E arriviamo ai due punti più interessanti per la cronaca di questo tempo sospeso: iniziando dalla salute. La filiera produttiva è garantita dal campo e fino al piatto pronto? I prodotti sono trattati adeguatamente dal punto di vista igienico alimentare? Gli operatori hanno competenze a riguardo? L’azienda dispone di tutti gli strumenti per tutelare la salute pubblica? In questi ultimi giorni, l’attenzione si concentra su mascherine, guanti, gel, sanificazione.
Ma in un ristorante di qualità, questa attenzione è da sempre ossessiva, continua, nel rispetto di una legge europea molto dettagliata e a tutti nota come HACCP. Una legge che regola in modo preciso ogni singola azione atta a tutelare il nostro bene più prezioso. Che è il più importante obbligo di legge per un ristoratore: se la pasta è servita fredda, il servizio di sala è lento, il cameriere antipatico, se il caffè è bruciato al legislatore non importa nulla. Ma se mangiando il nostro cliente avrà dei seri problemi di salute, questo è un pericolo da evitare.

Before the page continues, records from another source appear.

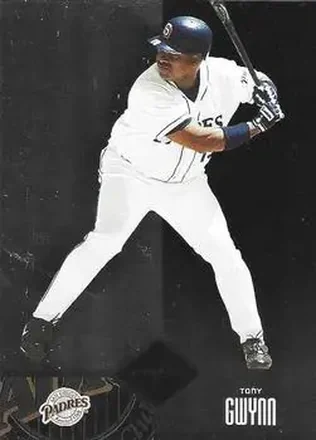 2004 Leaf Limited #226 - Tony Gwynn - San Diego Padres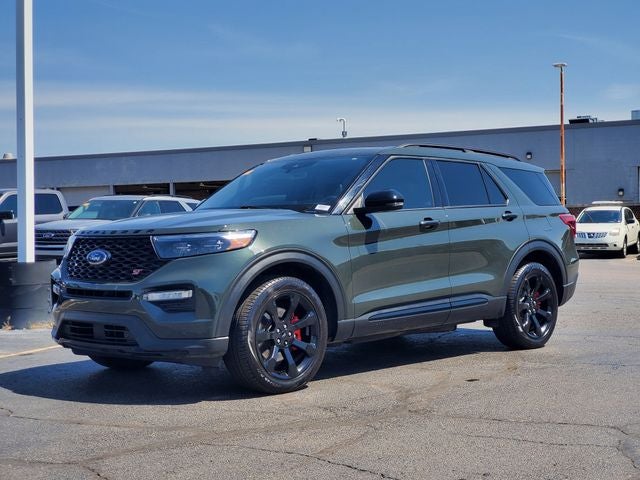 2023 Ford Explorer ST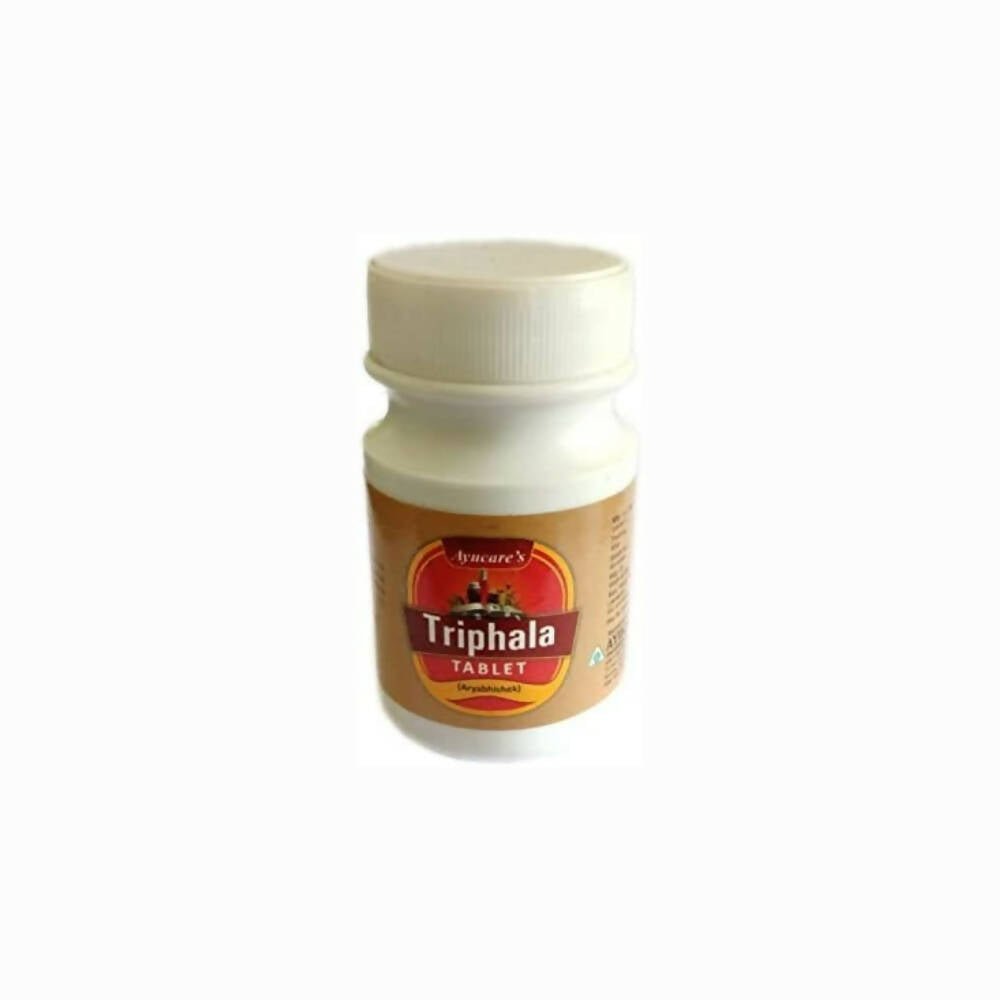 Ayucare Triphala Tablets - Distacart
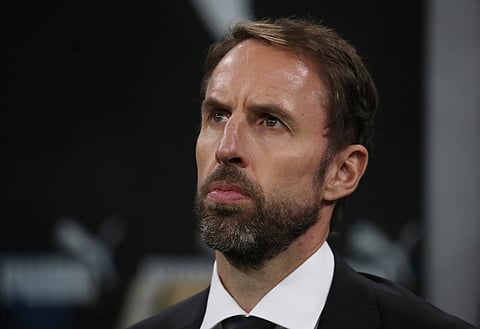 Gareth Southgate has faced criticism for his conservative approach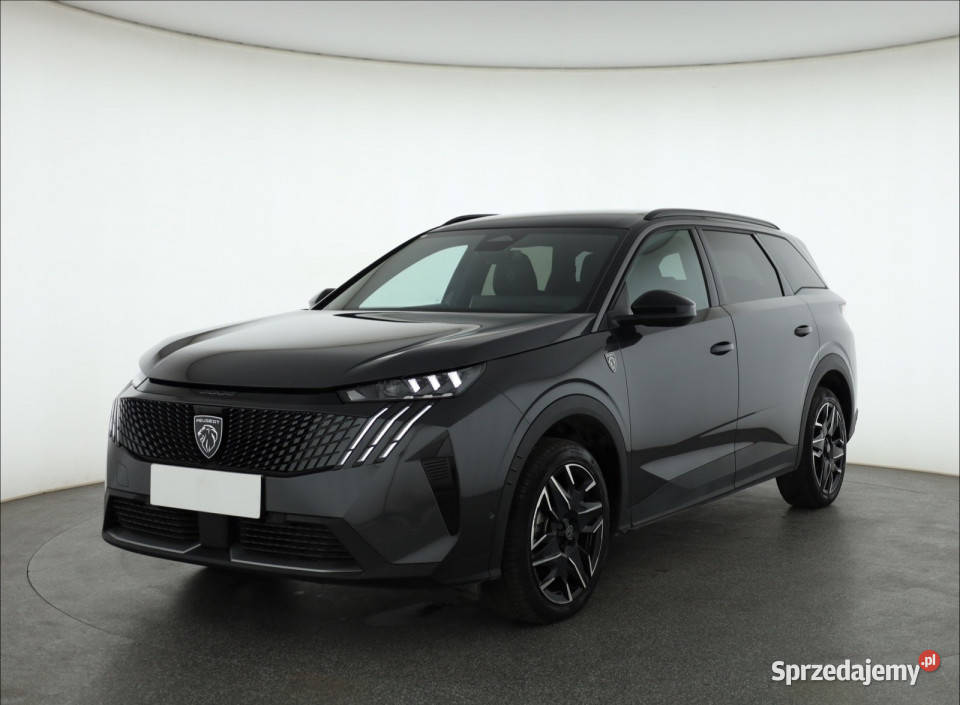 Peugeot 5008 12 Hybrid SUV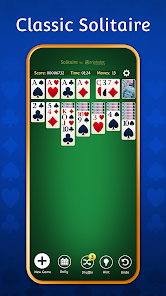 solitaire google play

La qualità del servizio: e qui veniamo al nocciolo della questione dal punto di vista della percezione. Rimane la questione rilevante e, per molti esercizi, devastante. È il vero dilemma da affrontare e risolvere.

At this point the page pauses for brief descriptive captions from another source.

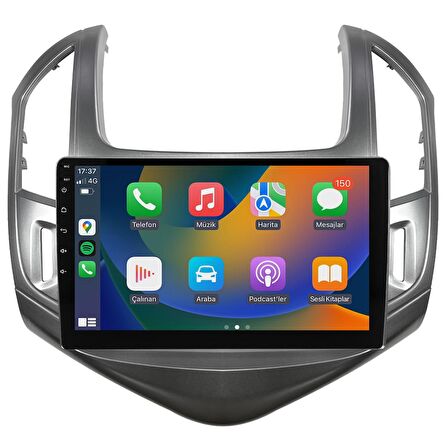 Chevrolet Cruze Android Multimedya Sistemi (2013-2015) CRV-4052XD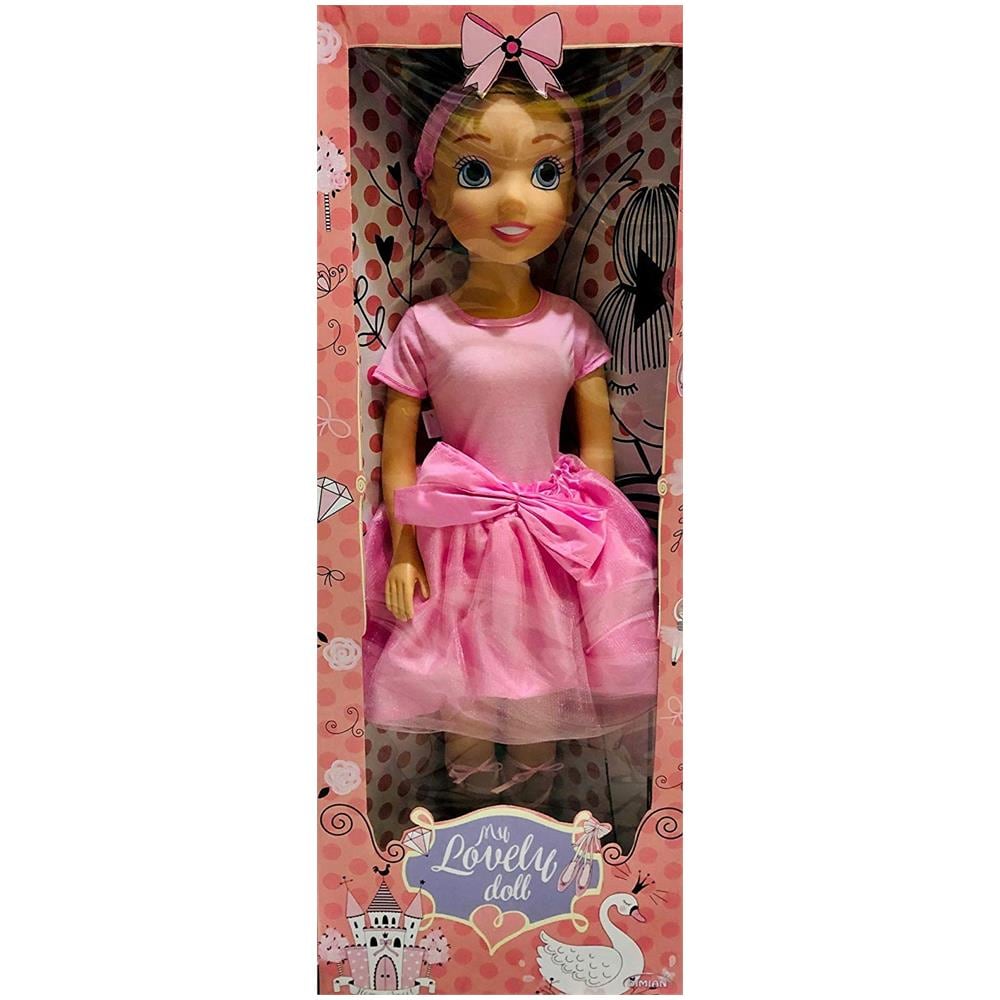 Bambola Ballerina Cm. 80 - Foto 1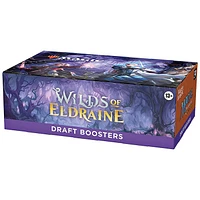 Magic The Gathering TCG: Wilds of Eldraine Draft Booster pack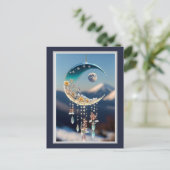 Carte Postale Le Mooncatcher (Debout devant)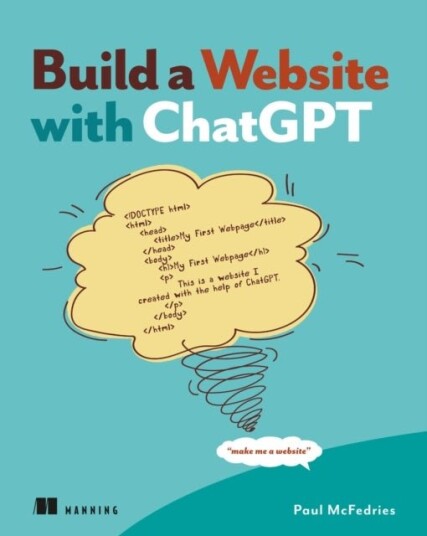 Build a Website with ChatGPT Build a Website with ChatGPT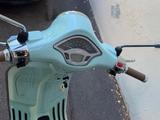 Vespa Primavera-Sprint 125-150 - VESPA S 125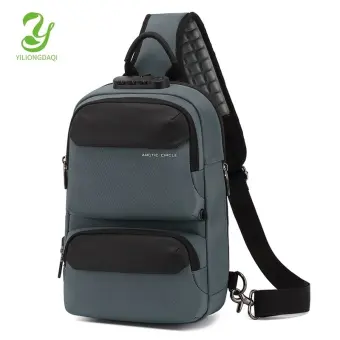 anti theft sling bag lazada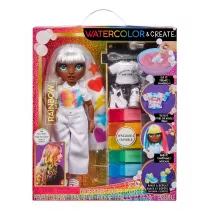 Rainbow High WaterColor & Create NEW TD green Mga Entertainment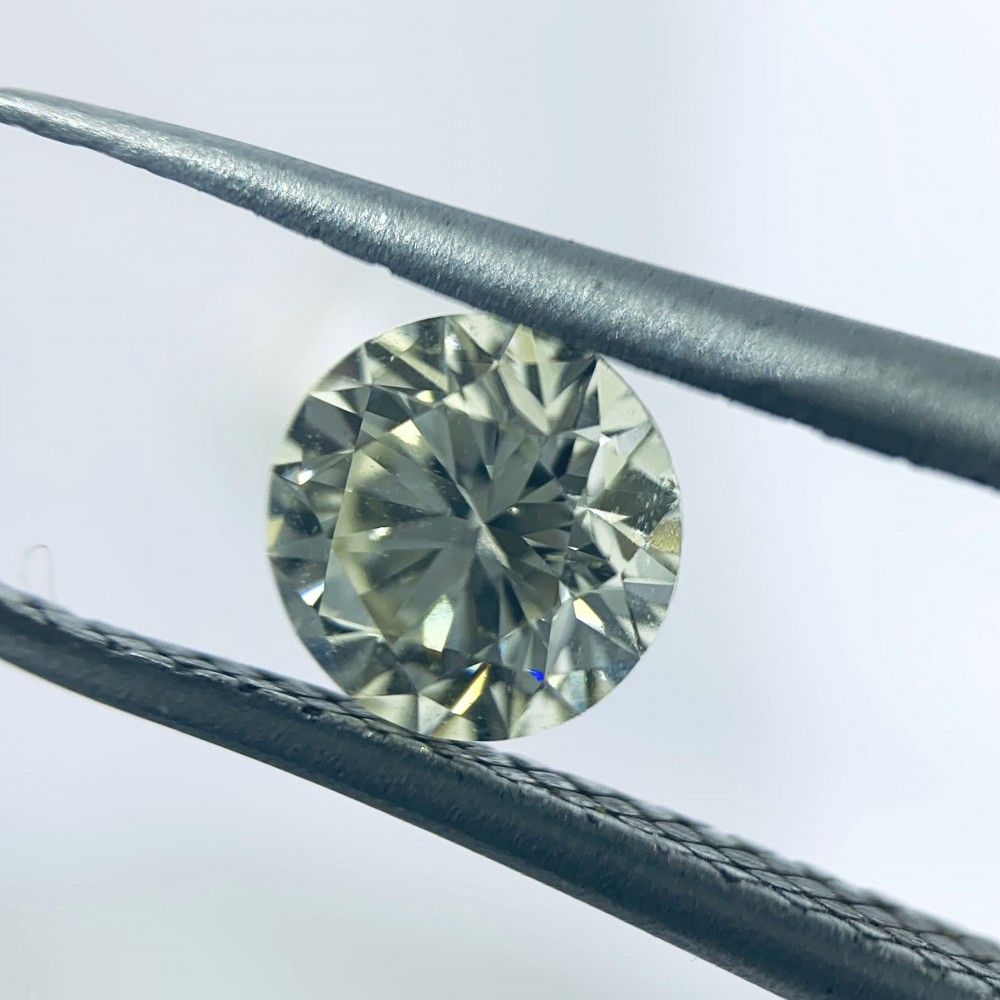 LD1.jpeg Natural Loose Diamond (Heera) 0.30 Carat (0.33 Ratti) I/VS - Image 1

Primo problema: andare al ristorante in assenza di convivialità è triste. Molti possibili clienti potrebbero rinunciare. Secondo problema: uno stile di servizio obbligatoriamente asettico e freddo rende l’atmosfera poco gradevole e può spaventare, è un fattore respingente. Terzo problema; le distanze previste riducono la capacità di accoglienza, riducono il volume di affari.
Per i locali “piccoli” è un dramma. Il ristorante è un’azienda con un’alta incidenza di costi fissi, che si devono sostenere a prescindere dai ricavi, per capirci. Il punto di equilibrio è difficile da raggiungere e i margini di profitto sono minimi. “Servire” 50 persone al giorno piuttosto che 100 significa lavorare per sopravvivere, se va bene.
L’ultimo problema, ma purtroppo il primo, e su questo il singolo ristoratore non può fare nulla: i soldi in circolazione sono pochi, la propensione alla spesa voluttuaria è minima. Il ristorante è per molti un lusso; chi non può resta a casa e chi ha qualche risorsa in più comunque ridurrà le sue presenze.